Written by: Joe Mosley, Director of Community and Media Relations
Southern Oregon University has completed a new storage facility at Raider Stadium that addresses sustainability on two fronts – it includes the university’s ninth array of solar panels, and the structure itself was created from recycled shipping containers.
The new facility, which will be used for storage of Athletic Department equipment and supplies, is SOU’s second net-positive building – the renewable energy it produces is greater than what it consumes. The first was SOU’s Student Recreation Storage Building, built-in 2018 with solar installed in 2019.
“SOU is wholly committed to the pursuit of sustainability in both construction and day-to-day operations,” said Rebecca Walker, the university’s sustainability and recycling manager. “This project demonstrates that when we think differently and creatively, sustainability can make both financial and environmental sense.”
The new storage facility’s solar panel installation was paid for by a fund that is fed in part by other energy savings projects on campus. The fund receives money from sources including energy savings incentives and credits from the university’s natural gas company, recycling receipts, and other sustainability-related income sources.
The building itself – located behind the stadium’s east bleachers – is made from six recycled railroad shipping containers. The university repurposed three containers that we already on campus and purchased another three for $10,500 from Oregon Cargo Containers.
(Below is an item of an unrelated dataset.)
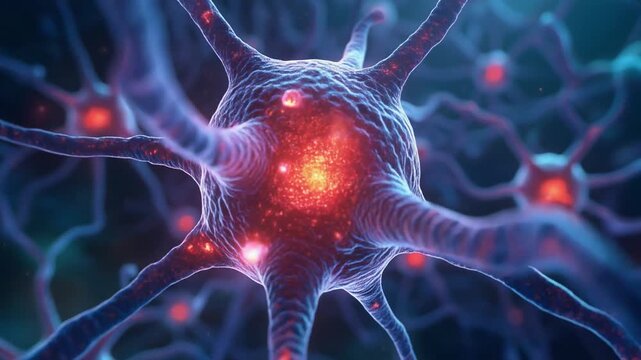 Vibrant Neural Network Illustration Showing Active Nerve Cells and Connections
The solar panels, installed by True South Solar of Ashland, will produce 49.68 kilowatts of electricity – enough to power about five typical homes.
“Athletics was in need of safe and adequate storage,” said SOU Athletic Director Matt Sayre. “What was designed for that purpose by the SOU Facilities Management and Planning Department and architect Matt Small – using rail boxcars and a plan to collect solar energy from the roof of that structure – is an asset Raiders can be proud of.”
The new project pushes SOU’s total solar energy generation capability to more than 430 kilowatts. The university has a total of seven other solar arrays on six buildings on the Ashland campus and one at the Higher Education Center in Medford.
Output from SOU’s solar facilities is typically fed back into the electrical grid and credited to SOU’s accounts, reducing the university’s utility bills.
SOU’s first solar installation was a 24-panel, 6-kilowatt array that was placed on Hannon Library in 2000 and it still generating electricity at 70 to 80 percent efficiency.